Francois Molins, the Paris prosecutor, said the seven had been part of an “active terrorist cell” that posed the biggest threat of its kind that France has faced since the mid-nineties, when the Algerian-based GIA was dismantled.
The attempted murder charges relate to a grenade attack on a Jewish grocery store in the Paris suburbs last month.
The attack left one person slightly injured but Molins said the Yugoslav-made grenade had been capable of seriously injuring anyone within a ten-metre radius, indicating the consequences could easily have been much worse.

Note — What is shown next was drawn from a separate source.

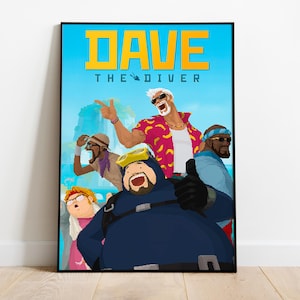 May include: A poster with the text "Dave The Diver" in yellow letters on a blue background. The poster features a group of cartoon characters, including a man with a diving mask and a group of people on a beach.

The prosecutor added that the profile of the suspects detained in custody was “much more dangerous than we initially assumed” and said the investigation had uncovered evidence they were planning to go on ‘jihad’ in Syria and other countries.
The grenade attack on a kosher grocery in Sarcelles, just outside Paris, triggered an investigation which led to Saturday’s arrests.
One alleged leading member of the group, 33-year-old Jeremie Louis-Sidney, was shot dead after he opened fire on officers seeking to arrest him in a dawn raid at his home in Strasbourg.
Police have since discovered weapons and significant amounts of bomb-making equipment at the homes of some of the other men detained under anti-terrorism legislation.
Five of the 12 initially detained were released without charge on Thursday. The other seven are all French citizens, aged between 19 and 25, Molins said.